Purchasing PQ Coins

Is it worthwhile for the collector to purchase PQ coins? I think it most assuredly is but my answer is tempered by two major “buts.” Namely: are the PQ coins you are buying really PQ and are you going to hold your coins long enough for their “PQ-ness” to matter. If you scan the ads in Coin World, you will note that many coins are given a PQ designation by their owners. It is my belief that nearly every coin listed in a retail ad in a publication like Coin World is not PQ. In fact, most of the coins in these ads are very low end for the grade.

As a dealer who prides himself in selling very nice coins, I do handle a number of pieces that I consider to be PQ for the grade. What exactly is my definition of a PQ coin? I view a PQ coin as one with very good eye appeal for the date and grade. It is a coin that is nice enough that I might have tried a few times to upgrade it. Any dealer who claims that his PQ coins are a “lock” to upgrade is either a liar or a fool. If they are so confident that their coins will upgrade then why aren’t they already in a higher grade holder? But there could be a legitimate reason why a certain coin does not work for a certain dealer. As an example, he might not be submitting it with the right coins or to the right service. I am good at getting coins to upgrade but I have seen, more times than I care to admit, a PQ coin that I sold to another dealer because I couldn’t get it to grade properly in a higher grade holder in someone else’s inventory.

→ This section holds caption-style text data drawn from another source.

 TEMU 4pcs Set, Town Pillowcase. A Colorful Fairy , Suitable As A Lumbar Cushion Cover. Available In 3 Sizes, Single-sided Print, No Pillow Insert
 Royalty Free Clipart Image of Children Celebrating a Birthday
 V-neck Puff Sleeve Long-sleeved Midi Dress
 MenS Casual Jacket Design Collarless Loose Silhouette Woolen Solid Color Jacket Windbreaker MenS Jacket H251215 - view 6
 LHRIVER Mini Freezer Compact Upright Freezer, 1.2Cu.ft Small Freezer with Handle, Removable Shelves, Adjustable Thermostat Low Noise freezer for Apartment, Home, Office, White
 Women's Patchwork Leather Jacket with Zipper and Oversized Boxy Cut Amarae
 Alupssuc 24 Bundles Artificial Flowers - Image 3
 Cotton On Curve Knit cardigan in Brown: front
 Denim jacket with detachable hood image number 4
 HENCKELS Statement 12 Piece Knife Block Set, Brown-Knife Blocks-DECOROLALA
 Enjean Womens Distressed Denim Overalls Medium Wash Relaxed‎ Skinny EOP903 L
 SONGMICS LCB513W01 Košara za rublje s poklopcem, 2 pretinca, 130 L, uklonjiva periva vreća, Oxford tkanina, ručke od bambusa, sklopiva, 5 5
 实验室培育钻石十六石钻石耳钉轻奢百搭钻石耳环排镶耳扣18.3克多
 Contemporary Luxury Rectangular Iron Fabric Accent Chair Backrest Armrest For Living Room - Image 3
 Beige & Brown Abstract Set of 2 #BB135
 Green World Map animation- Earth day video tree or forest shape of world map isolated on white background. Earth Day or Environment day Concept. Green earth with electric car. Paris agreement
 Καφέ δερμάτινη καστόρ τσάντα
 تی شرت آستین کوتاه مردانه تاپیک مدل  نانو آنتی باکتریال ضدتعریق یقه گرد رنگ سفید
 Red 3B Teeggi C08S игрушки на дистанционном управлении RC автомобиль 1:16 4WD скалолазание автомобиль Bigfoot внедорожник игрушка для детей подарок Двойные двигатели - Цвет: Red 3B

Most smart dealers do one of two things with their really PQ coins. They either put them in auction and hope someone else pays too much money for it or they sell them to their best and most loyal customers. I have handled a number of coins three or four times over the past decade and each time I pass it forward to a collector who I like and who will, hopefully, sell it back to me when it comes time to move it.

As a collector, how much extra should you pay for a coin that you think is really PQ? This depends on a number of factors. How rare is the coin, especially in the next grade up? What is the price spread between the current grade and the next grade? Let’s say you are being offered a really nice coin in an AU50 holder that is worth $5,000 in this grade and $9,000 in AU55. If the coin is being priced to you at $8,000 this is clearly too much. At $6,000 the coin is a no-brainer. I’d say that $7,000 is probably an ideal price.

I mentioned above that PQ coins need to be looked at as long-term holds. Generally speaking, if you buy a PQ coin, do not expect to flip it to another dealer in a year for a big profit. If it were that easy, the dealer who you bought the coin from would have done it himself. The best strategy is to put your really PQ coins away for five years and then consider getting them regraded. Whether PCGS and NGC choose to admit it or not, grading standards do change over the long haul and a nice group of fresh-looking PQ coins could do very well if submitted at the right time.

If you are a bargain hunter or are the type of collector who is not loyal to one or two dealers, the chances are remote that you will buy PQ coins. The really nice PQ coins you see at auction are going to sell for more than you think they are worth (they’ll wind up being bought by a “crackout” dealer who is much better at grading then you are). And the really nice PQ coins that the dealer you shop with are going to be sold to the customers they regard as the most loyal. You’ll wind up with a bunch of pseudo-PQ coins that will not garner the enthusiastic response you hoped for when you try to sell them to the next generation of collectors.